T’Dara: Why? I insist on a logical why from a logical being, performing an illogical act.

Michaels: I am certain that my logic will appear inadequate to you just as I am certain that I appear appear ... substandard to you. So I will tell you the truth and remind you that the truth is not always logical.

T'Dara: I live that inconvenient reality.

Michaels: Allow me to posit that there are two factors that make someone a typical Vulcan; physiology and the environment in which they raised and educated. I am as Vulcan as you are physiologically. The only parents I have ever known were human. I was seven years old before I saw another Vulcan. I was twelve before I actually exchanged words with a Vulcan.

T'Dara: And these humans… failed to embrace you?

Lera shrugged and nodded as though to say "Of course they did. Are you missing the point." She stood silently for a moment

Michaels: I was educated in the human manner, loved in the human style, and raised in a human environment and I will answer your question before you ask it. I am aware that we smell different than they do. If you have been exposed to the odor your entire life, you get to where you do not notice it.

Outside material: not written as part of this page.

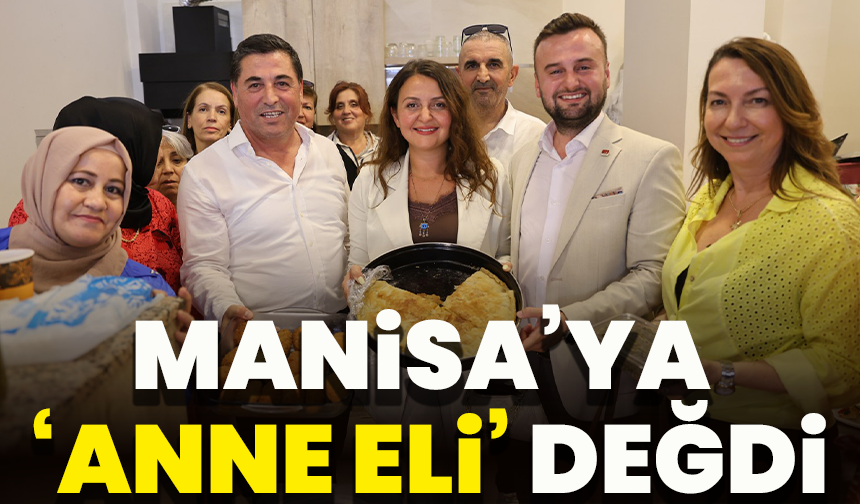 Manisa’ya ‘Anne Eli’ değdi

T’Dara made a nearly silent sound.

T'Dara: And… what? The smell lingers?

Michaels: With a few exceptions, every Vulcan I have ever known has seen me as unusual. Something deficient to be rejected. Inadequate. And by Vulcan standards I am. I know that I have missed the primary formative years. I have never had a Vulcan instructor to train me. I know that psychologically I am more human than Vulcan. But I aspire to be more Vulcan ... more like you.

T'Dara: Hm.

T’Dara nodded. Lera tried to read the older woman but she saw nothing but a pure Vulcan. In some pain but still one completely in control of herself. Lera took a deep breath. T'Dara was the sort of person Lera would never be and that assessment stung.

Michaels: And then there is you. ::beat:: When I see you, I see everything I aspire to become. At the same time I see my own failures. I see the futility of my efforts. I will never be an adequate Vulcan like you. I will never have a "normal" Vulcan life. I look upon you and I despair. Yes. I know despair is a human emotion that accomplishes little if anything beyond motivation. I appreciate the value of emotional control. And particularly in your presence, I have striven to control my emotions.

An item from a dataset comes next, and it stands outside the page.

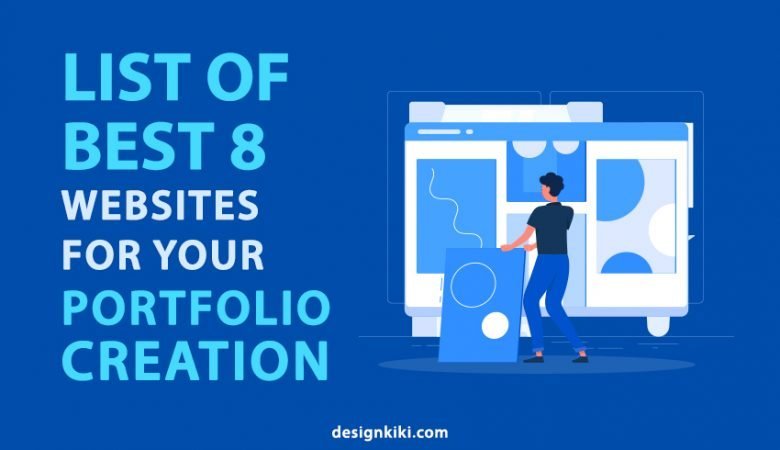 List of best 8 websites for your portfolio creation banner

Commander T’Dara was silent for what felt like forever. Lera knew she was judging her just like that man who came to her school and concluded that Lera was unfit to be part of Vulcan society. Perhaps useful but a negative in the society of proper Vulcans. Someone contaminated in ways that even Ambassador Spock could equal.

The woman stood as motionless as though she had been caught in a stasis beam. Lera had just poured out nearly everything wrong with her life and this T'Dara woman had not so much as flinched. Lera's anger subsided replaced by something closer to awe. Commander T'Dara displayed such mastery. Such control. Lera felt it was such an example of Vulcan perfection.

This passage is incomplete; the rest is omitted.